En sus antípodas, encontramos aquí igualmente a Ignacio Prudencio Bustillo, creador de la Universidad Femenina y nietzscheano en medio de la Sucre conventual de las primeras décadas del siglo XX.
Tal vez porque intuía que iba a morir muy joven, a los 33, nos dejó ese apremiante mandato de hay que apresurarse, es decir, no perder tiempo y centrarse en hacer obra, antes de que se apague el sol a mediodía, como apuntó, pensando en él, Medinaceli. Su inclusión en el libro invita también, de modo oblicuo, al rescate de aquellos escritores sucrenses, como Adolfo Costa du Rels, Alberto Ostria Gutiérrez o Fernando Ortiz Sanz, que pertenecieron al linaje derrotado en 1952 -unos “otros” más antiguos aún- y quedaron casi al margen de las antologías y las historias oficiales.
Se halla asimismo en estas páginas Vicente Pazos Kanki, a quien Molina retrata como “el primer periodista y escritor aymara, el primer cónsul aymara acreditado ante Isabel II, la Reina de Inglaterra. Hasta donde sabemos el primer aymara que aprendió inglés y podía despacharse en francés; que tradujo los Evangelios a su lengua nativa…”.  Toda una figura lamentablemente poco o nada conocida en la Bolivia actual.
Hasta ahí los muertos del libro. Ya sabemos que sobre los muertos de toda antología o selección difícilmente hay polémica, pues, como apunta Borges, es el tiempo quien ha ejercido de canonista (o de Moisés). Incluso en una antología de excluidos tal sentencia se cumple inexorablemente. Sobre los vivos es el autor quien, con más libertad pero con mayor riesgo (como la muchacha del caleidoscopio) debe asumir esa responsabilidad.
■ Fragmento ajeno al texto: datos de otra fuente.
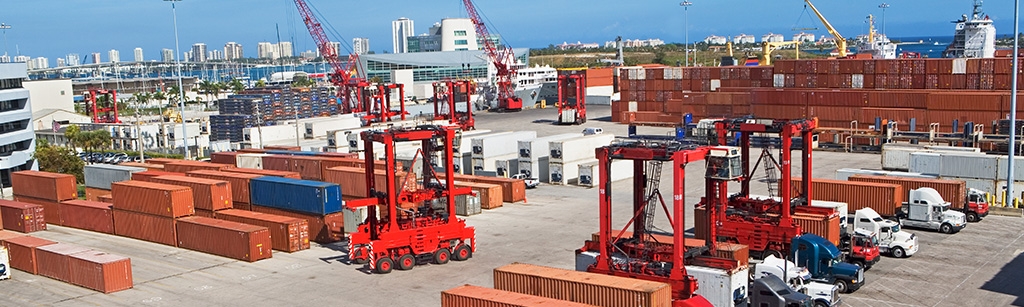 An active port with cranes, semi trucks and several rows of ocean containers stacked in the yard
Molina lo sabe, y sin perder de vista que una selección como esta es además una provocación, incluye a H.C.F. Mansilla, pensador agudo, muy difícil de clasificar; a Roberto Laserna (otro narrador secreto, como Fernando, pues ganó hace años el Premio Franz Tamayo), a quien como economista liberal le ha tocado nadar a contracorriente; y Jorge Lazarte, cuya obra no conozco.
Concluida la lectura, quedo cavilando en que si los aniversarios -esas piedras miliarias que los hombres fijamos arbitrariamente a partir de hitos igualmente arbitrarios, para convencernos de que señoreamos el tiempo y no viceversa-, pueden servir, después de todo, para algo más que lanzar cohetes; por ejemplo, si pueden dar pie a editar libros, rescatar figuras y obras olvidadas, y discutir sobre la historia y su prolongada sombra, entonces que los centenarios y sesquicentenarios y bicentenarios y sus bibliotecas sean bienvenidos, y también las obras que los interpelan. 

Como ésta que busca -y consigue en su brevedad- recuperar parte del aporte conservador y liberal al pensamiento boliviano, es decir, al país.